= Work task =
Copy all the data exactly, except the pictures.

= Information shown =
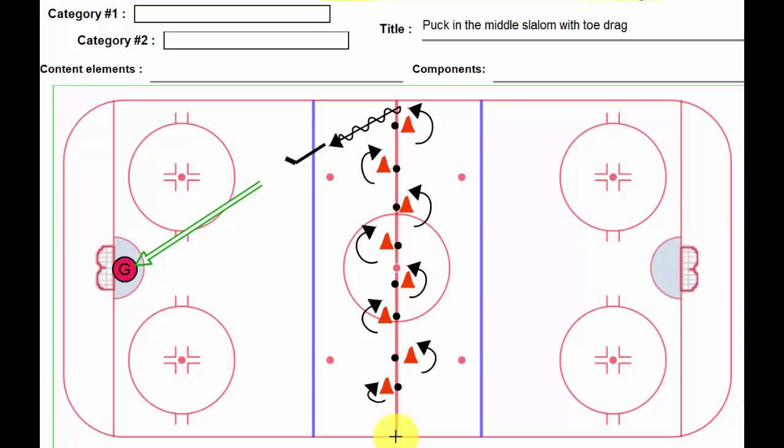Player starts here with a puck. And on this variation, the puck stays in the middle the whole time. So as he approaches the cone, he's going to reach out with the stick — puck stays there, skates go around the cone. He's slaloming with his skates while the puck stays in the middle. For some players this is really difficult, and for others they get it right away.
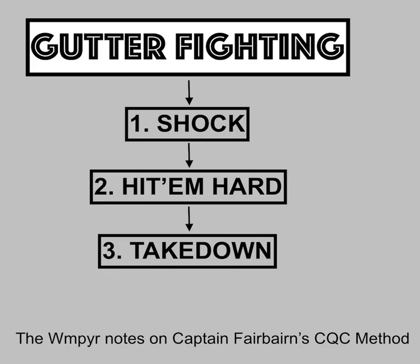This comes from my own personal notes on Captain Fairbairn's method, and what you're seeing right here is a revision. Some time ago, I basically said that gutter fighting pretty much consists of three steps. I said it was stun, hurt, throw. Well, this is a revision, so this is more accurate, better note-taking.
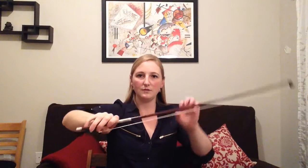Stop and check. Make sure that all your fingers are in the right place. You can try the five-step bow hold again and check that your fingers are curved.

= Response for this exercise =
Player starts here with a puck. And on this variation, the puck stays in the middle the whole time. So as he approaches the cone, he's going to reach out with the stick — puck stays there, skates go around the cone. He's slaloming with his skates while the puck stays in the middle. For some players this is really difficult, and for others they get it right away.
This comes from my own personal notes on Captain Fairbairn's method, and what you're seeing right here is a revision. Some time ago, I basically said that gutter fighting pretty much consists of three steps. I said it was stun, hurt, throw. Well, this is a revision, so this is more accurate, better note-taking.
Stop and check. Make sure that all your fingers are in the right place. You can try the five-step bow hold again and check that your fingers are curved.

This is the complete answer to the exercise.